This is the fourth in a series of articles commemorating a decade of shark conservation work.
Would a shark encounter and its severe consequences affect how you feel about the species? Fortunately, most people will never have to answer that question. But here’s the story of three who did: Debbie Salamone, who was bitten off the coast of Cape Canaveral, Florida, and is an employee of The Pew Charitable Trusts; Achmat Hassiem, who lost his leg to a great white off Cape Town, South Africa, and became a medal-winning Paralympic swimmer; and Mike Coots, whose leg was severed by a tiger shark while surfing off Kauai, Hawaii.
Founded in 2009, Shark Attack Survivors for Shark Conservation joined the shark conservation community, stating its belief that protecting these top predators was critical for ocean health. The group, which has grown to around two dozen members from around the world, advocated for passage of the Shark Conservation Act of 2010 in the United States and for management and protections of vulnerable shark species globally.
Note: Comments have been edited for clarity and length.
Q. How did you come to advocate for an animal that changed your life?
Salamone: When something so rare happens, it’s only natural to wonder why. I figured this was a push in my life—to either turn away from my lifelong passion for the environment or view it as a test of my commitment. So, I decided to go all in for the environment and use my experience to do good.
Coots: I was curious why I got attacked and read shark attack books and shark attack files religiously, trying to find answers. The more I searched, the more questions I had. I knew a lot about what sharks were doing to humans, and very little on what humans were doing to sharks. Then I watched the film “Sharkwater,” and my mind was blown. And instantly knew I needed to help in any way I can. The more I learned, the stronger the desire to protect sharks became.
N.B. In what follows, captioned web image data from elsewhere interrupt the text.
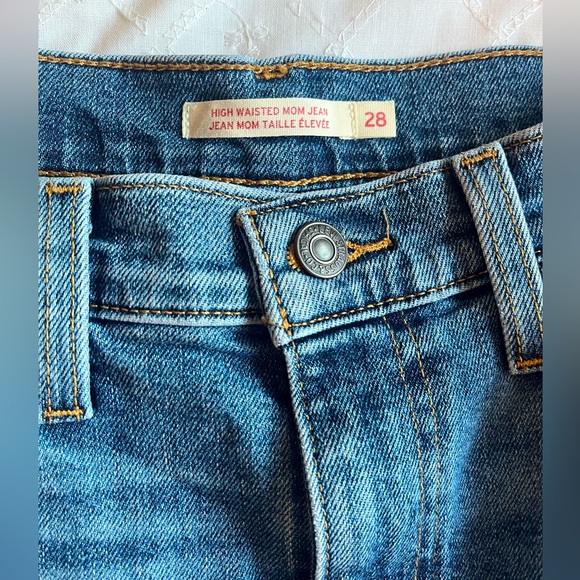 Levi’s high waisted mom jeans - Picture 4 of 4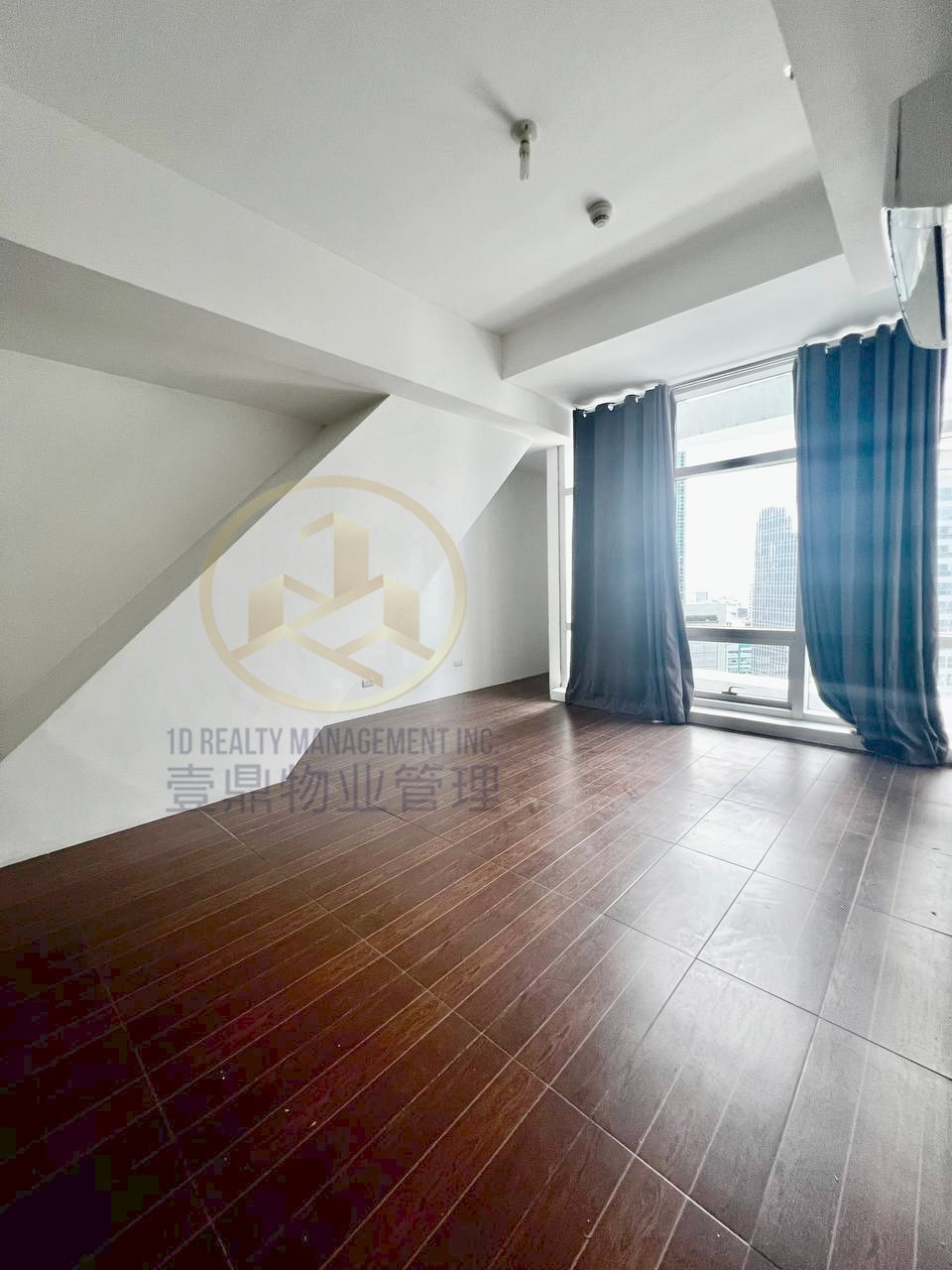 FOR LEASE PENTHOUSE 2BR - The Stratosphere - Valero, Makati City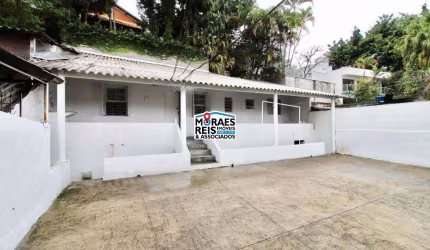 Casa com 2 quartos para alugar na Rua Professor Henrique Neves Lefevre, 771, Jardim Petrópolis, São Paulo por R$ 2.000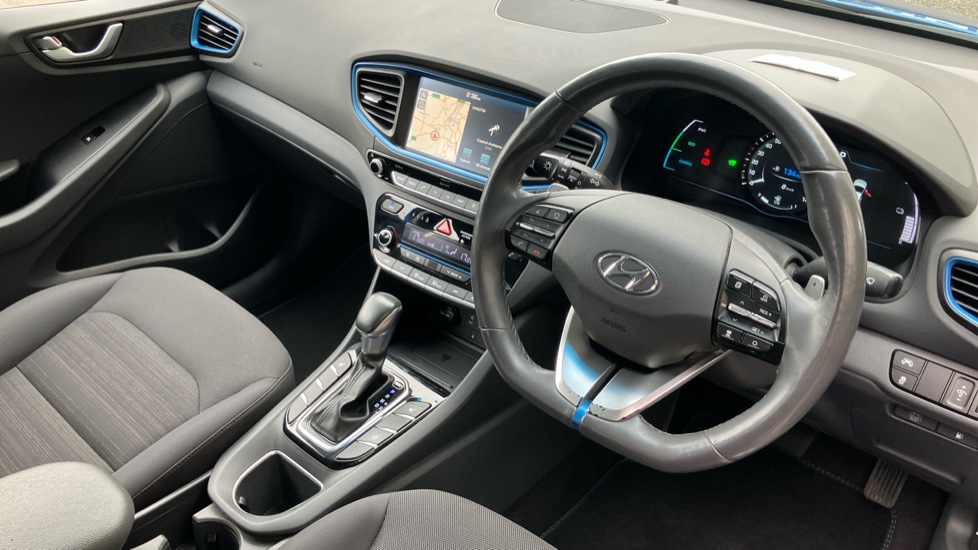 Hyundai IONIQ 1.6 GDi Hybrid Premium 5dr DCT Hybrid Hatchback - Image 11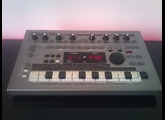 Roland MC-303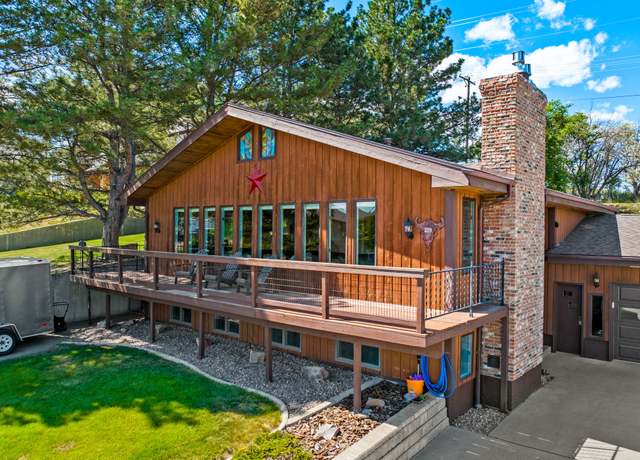 Property at 329 28th Ave NW, Great Falls, MT 59404, 4 beds, 2.5 baths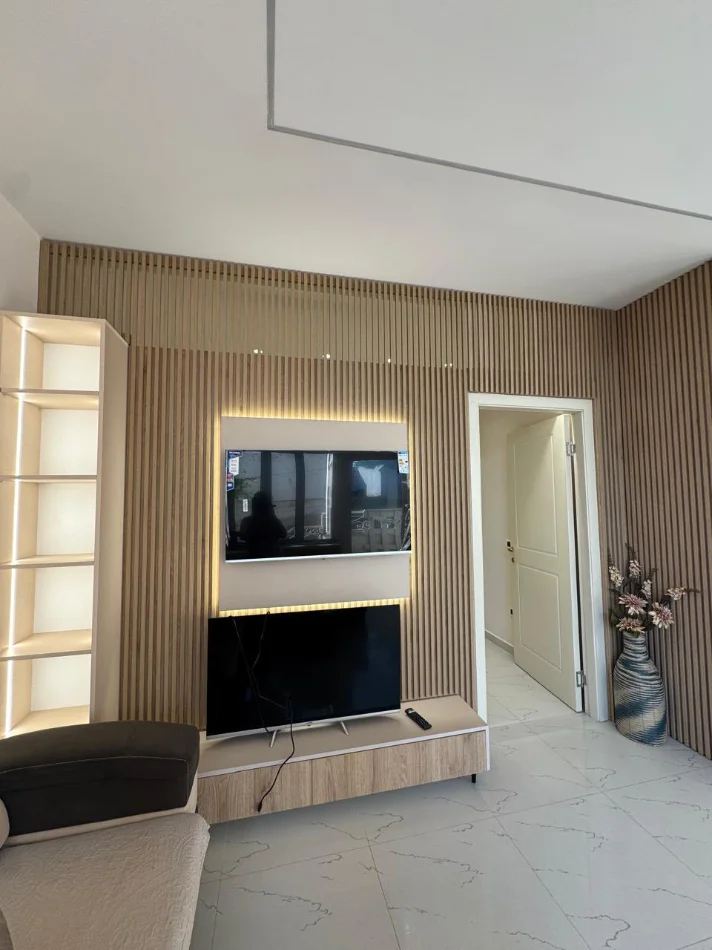 Tirane, jepet me qera apartament 1+1 Kati 1, 65 m² 450 € (Rrethi i Freskut prane Bar Stockholm)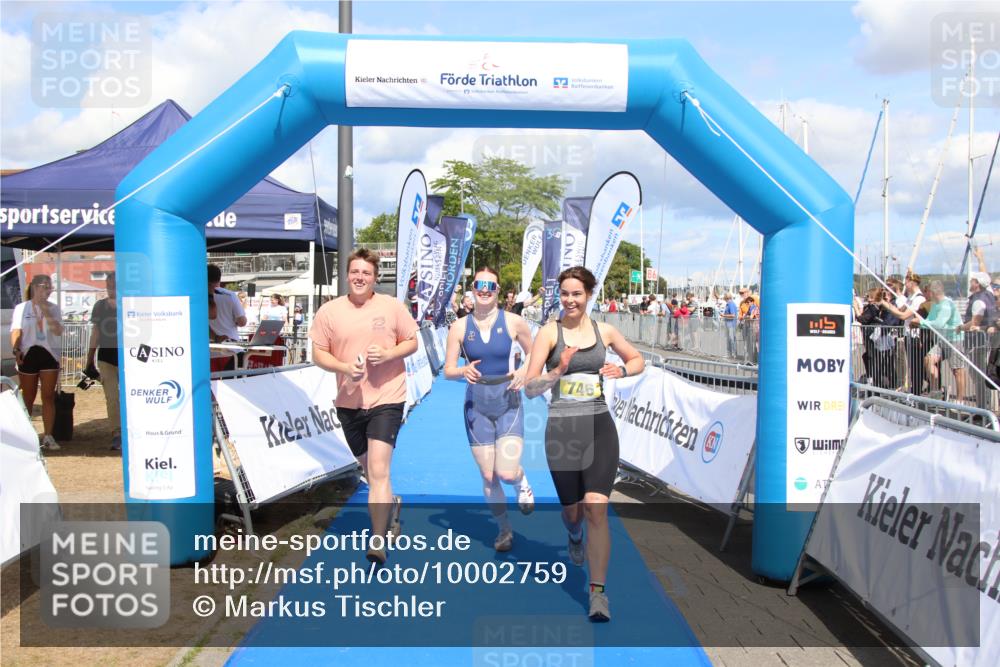 16.08.2026 - KN Förde Triathlon 2026 Markus Tischler http://msf.ph/oto/10002759 16.08.2026 14:11:00 Ziel 562, 572, 746, 562, 572, 746 meine-sportfotos.de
Hassiem: It wasn’t immediate. I mean, losing my leg was traumatic. It took me a while to not pity myself. At first, I thought my life as I knew it was over. But as time passed and I got into swimming again and started competing, I started feeling better.
And then the Shark Attack Survivors for Shark Conservation group contacted me and provided information about sharks and the plight they are facing around the world. The more I learned, the more I wanted to get involved.
Q. What was the biggest misunderstanding or fallacy about sharks that you believed prior to your encounter?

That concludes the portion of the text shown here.